The holiday company is now to cut 150 jobs at its Peterborough HQ as it continues on a cost reduction programme as it tries to weather the storm.

Most of the loss came after Thomas Cook wrote down the value of the business by £1.1 billion as a result of the weak trading environment it has found itself in.

Chief executive Peter Fankhauser said: “The first six months of this year have been characterised by an uncertain consumer environment across all our markets. The prolonged heatwave last summer and high prices in the Canaries reduced customer demand for winter sun, particularly in the Nordic region, while there is now little doubt that the Brexit process has led many UK customers to delay their holiday plans for this summer.

“Our current trading position reflects a slower pace of bookings, against a strong first half in 2018, and our decision to reduce capacity in order to mitigate risk in the tour operator and allow our airline to consolidate the strong growth it achieved last year.

“Taking lessons from 2018, we have put a keen focus on cash and cost discipline across the group in the first half. We have also accelerated the transformation of our UK business, including the closure of 21 UK retail stores and a review of Thomas Cook Money. A range of further cost efficiencies are planned for the second half, allowing further investment in our growth strategy.
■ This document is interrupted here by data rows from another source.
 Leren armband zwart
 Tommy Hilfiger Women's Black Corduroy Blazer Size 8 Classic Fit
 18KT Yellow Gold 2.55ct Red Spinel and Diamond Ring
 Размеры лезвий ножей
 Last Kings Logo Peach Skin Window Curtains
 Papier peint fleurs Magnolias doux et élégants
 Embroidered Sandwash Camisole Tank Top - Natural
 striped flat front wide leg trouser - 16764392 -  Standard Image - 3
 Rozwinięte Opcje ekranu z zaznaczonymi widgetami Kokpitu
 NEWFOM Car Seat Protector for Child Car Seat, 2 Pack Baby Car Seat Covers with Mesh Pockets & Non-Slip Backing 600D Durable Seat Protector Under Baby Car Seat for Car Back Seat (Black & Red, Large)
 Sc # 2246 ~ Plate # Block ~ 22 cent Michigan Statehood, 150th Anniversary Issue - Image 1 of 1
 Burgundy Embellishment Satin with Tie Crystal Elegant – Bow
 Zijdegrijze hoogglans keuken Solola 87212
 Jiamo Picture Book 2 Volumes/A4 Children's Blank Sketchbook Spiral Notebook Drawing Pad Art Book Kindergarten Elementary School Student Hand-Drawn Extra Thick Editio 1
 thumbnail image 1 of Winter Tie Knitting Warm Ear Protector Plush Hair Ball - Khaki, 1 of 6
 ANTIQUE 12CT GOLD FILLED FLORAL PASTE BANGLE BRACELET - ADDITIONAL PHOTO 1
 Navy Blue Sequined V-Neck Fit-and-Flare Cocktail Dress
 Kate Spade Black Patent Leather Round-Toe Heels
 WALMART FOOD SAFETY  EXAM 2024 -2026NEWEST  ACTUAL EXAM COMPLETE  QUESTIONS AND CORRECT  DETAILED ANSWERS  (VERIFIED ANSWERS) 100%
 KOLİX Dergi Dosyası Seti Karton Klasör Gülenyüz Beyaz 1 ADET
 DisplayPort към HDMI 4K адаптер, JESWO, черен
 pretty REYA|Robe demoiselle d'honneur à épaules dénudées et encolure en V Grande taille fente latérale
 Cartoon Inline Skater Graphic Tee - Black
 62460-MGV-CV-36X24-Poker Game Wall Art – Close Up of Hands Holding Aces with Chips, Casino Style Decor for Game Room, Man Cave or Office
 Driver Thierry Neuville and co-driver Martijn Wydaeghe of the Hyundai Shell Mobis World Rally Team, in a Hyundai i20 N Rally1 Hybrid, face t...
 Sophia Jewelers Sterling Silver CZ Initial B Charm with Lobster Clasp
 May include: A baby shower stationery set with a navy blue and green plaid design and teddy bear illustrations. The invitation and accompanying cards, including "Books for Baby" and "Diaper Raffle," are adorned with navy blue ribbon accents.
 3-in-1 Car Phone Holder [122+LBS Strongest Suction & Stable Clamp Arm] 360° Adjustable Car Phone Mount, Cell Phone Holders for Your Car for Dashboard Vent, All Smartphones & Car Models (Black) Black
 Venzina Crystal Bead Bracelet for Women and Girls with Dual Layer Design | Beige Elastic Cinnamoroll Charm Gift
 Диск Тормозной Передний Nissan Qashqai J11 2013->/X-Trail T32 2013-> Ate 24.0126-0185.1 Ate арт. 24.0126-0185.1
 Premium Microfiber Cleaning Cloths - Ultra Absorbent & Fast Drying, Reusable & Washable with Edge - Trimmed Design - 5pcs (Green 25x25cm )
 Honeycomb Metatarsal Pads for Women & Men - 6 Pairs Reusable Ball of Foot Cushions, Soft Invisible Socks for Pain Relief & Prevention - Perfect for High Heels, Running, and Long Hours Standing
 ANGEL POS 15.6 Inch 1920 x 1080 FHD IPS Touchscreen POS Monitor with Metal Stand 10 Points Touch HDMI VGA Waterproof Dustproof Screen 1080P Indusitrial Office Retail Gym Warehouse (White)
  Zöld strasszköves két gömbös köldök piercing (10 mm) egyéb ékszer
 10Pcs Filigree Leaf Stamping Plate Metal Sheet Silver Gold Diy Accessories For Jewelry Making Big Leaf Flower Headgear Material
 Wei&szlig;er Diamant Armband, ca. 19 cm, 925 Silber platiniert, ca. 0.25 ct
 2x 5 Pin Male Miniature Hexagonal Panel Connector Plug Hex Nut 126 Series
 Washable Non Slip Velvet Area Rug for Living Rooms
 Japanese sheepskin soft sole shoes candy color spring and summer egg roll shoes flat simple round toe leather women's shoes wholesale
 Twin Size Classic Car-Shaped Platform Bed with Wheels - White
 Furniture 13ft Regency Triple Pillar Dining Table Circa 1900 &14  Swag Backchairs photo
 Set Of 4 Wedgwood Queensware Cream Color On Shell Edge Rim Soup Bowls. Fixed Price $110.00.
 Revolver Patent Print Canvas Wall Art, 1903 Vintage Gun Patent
“As we look ahead to the remainder of the year, it’s clear that, notwithstanding our early decision to mitigate our exposure in the ‘lates’ market by reducing capacity, the continued competitive pressure resulting from consumer uncertainty is putting further pressure on margins. This, combined with higher fuel and hotel costs, is creating further headwinds to our progress over the remainder of the year.”